Eventual by Your Cruise Director
Summary: Legolas ponders the future and the mortality of men.
Categories: FPS > Legolas/Aragorn, FPS, FPS > Aragorn/Boromir, FPS > Boromir/Aragorn, FPS > Aragorn/Legolas Characters: Aragorn, Boromir, Legolas
Type: None
Warning: None
Challenges: None
Series: None
Chapters: 1 Completed: Yes Word count: 889 Read: 1518 Published: June 15, 2009 Updated: June 15, 2009
Story Notes:
A drabble that grew too long. Ideas borrowed from literary universe, but this is movie-verse. These characters belong to J.R.R. Tolkien.

1. Chapter 1 by Your Cruise Director

Chapter 1 by Your Cruise Director
I held him on the night of Boromir's death. Though he had kept too busy to break down during the day while we prepared the body and pursued the hobbits, once he lay down to rest he could not stop weeping. Gimli fell asleep unknowing, but my elfin ears could not help perceiving the man's sorrow, try as he might to mourn in silence to avoid disturbing us. So I went to him, and let him clutch his arms around my back and wet my chest with his tears, though the stench and sweat of men are yet strange to me.
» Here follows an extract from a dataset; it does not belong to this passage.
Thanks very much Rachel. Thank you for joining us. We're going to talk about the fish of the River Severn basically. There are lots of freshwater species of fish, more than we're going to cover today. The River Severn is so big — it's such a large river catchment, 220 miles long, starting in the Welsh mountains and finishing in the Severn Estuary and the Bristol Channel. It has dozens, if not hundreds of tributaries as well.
Like Boromir, he is a man, a mortal. One day, he will die. It is hard to imagine, looking at his perpetually youthful face, with cheeks that seem chiseled by a master sculptor and a body toned by years of hard labor. Yet already tiny lines crinkle near his eyes when he smiles. Someday his limbs will lose their flexibility. Discolored growths will mottle his skin. His eyes, bluer than the waters of the Anduin and alight with wit and confidence, will cloud over. His heart will begin to fail.

How do men find the courage to love one another, knowing the fate that awaits them?
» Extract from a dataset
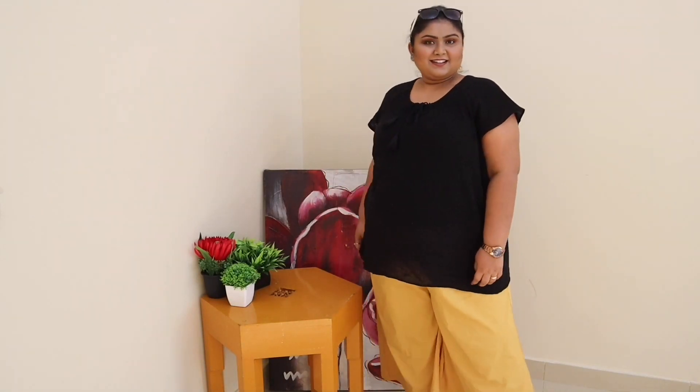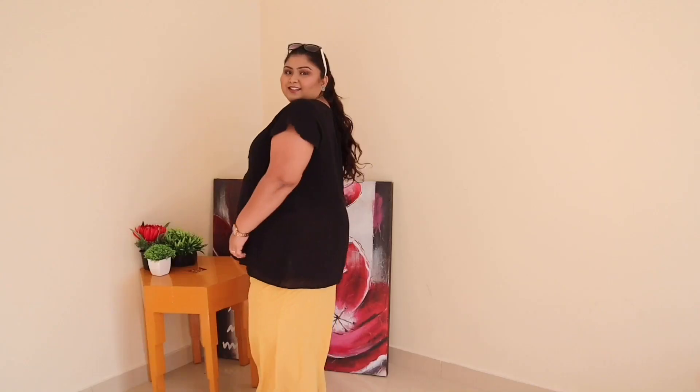I feel everyone needs to have at least one pair of palazzo pants. These are so comfortable and literally you don't feel like you're wearing anything under. It's very stylish and easy to pair with t-shirts and kurtis too — especially in this hot summer, it's a saviour.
It was I who pulled the arrows from Boromir's chest, for Aragorn had not to heart to do so after being forbidden to remove them by his dying friend. The gaping holes in the livid skin will never heal. The stench of excrement and putrefaction will grow steadily until not even a lover could stand to be close to the corpse. I wish that I had not seen Boromir so, for I will never forget that image.

I would rather remember the body of the man in fearless battle with orcs, or teaching the young hobbits to swing a blade. I would rather remember his face when he gazed upon Isildur's heir, with the look he wore only when he knew the other man could not see him -- the devotion he would not confess, certainly not to myself who first told him Aragorn's true name. I know Boromir forgave Aragorn his birthright. I overheard the warrior's last words. I am glad that he had the chance to say them, and that Aragorn had the chance to hear them.

How can men plan their lives, knowing they might end at any moment, with so many words left unspoken, so many vows left unfulfilled?

I am an elf, immortal. Our age may pass, yet I will go over to the Undying Lands to live forever. They say men envy us. When I held Aragorn in the night, I came to know his life in miniature. He burned in grief until sleep overcame him, but in that healing slumber his face softened and I knew that he would one day smile again. His muscles tensed and eased, his stomach growled with hunger. His manhood stiffened and pressed against my thigh. I would have held fast to him even then, but it was not my name he murmured.

Like Boromir, he is a man, a mortal. One day, he will die. Lord Elrond believes that men are dangerous to elves, for they take more risks, they hurry their ambitions. They do not have an eternity to find their place. Their lives unfold before us like brief obsessions, then are gone.

Lord Elrond's daughter would forsake immortality for a few short years with her love, the same man in my thoughts. Arwen does not wish to live forever. I feel certain that if I asked him, Aragorn would say the same. His parents are gone. Boromir is gone. Would he feel the same keen sense of love for them were it not for their loss? Can an elf love as deeply as a man does only by loving a man?

I am an elf, immortal. Yet when I think of Aragorn, I am not certain that I wish to live forever. I want to hold him again, and know the sweat and dust and slow decay that are his rightful inheritance. This is not love as I have known it in my long life. Though it brings deep pain, it promises great joy.

Lord Elrond is right that such ties to men are dangerous, or perhaps the danger lies only in such men as can bring such feelings to an elf. Aragorn has lost Boromir merely for a time -- a short time, compared to the span of an elf's life. For me such a loss would be eternal. Perhaps it would make me like the Nazgūl, starving forever for something that was never mine to hold.

Or perhaps, if I loved enough, I would die of a broken heart. I could bind him by my grief for all the ages left on Earth. There would be songs of my devotion, stories of my passion. If I cleaved truly to him, his name would never fade.

I wonder whether Aragorn would weep for me as he weeps for Boromir, but I think not. Like Boromir, he is a man, a mortal. I am an elf. Still, when he dies, I will cry for him. And I will comfort myself knowing that I would keep him in my clasp forever, if he were mine to keep.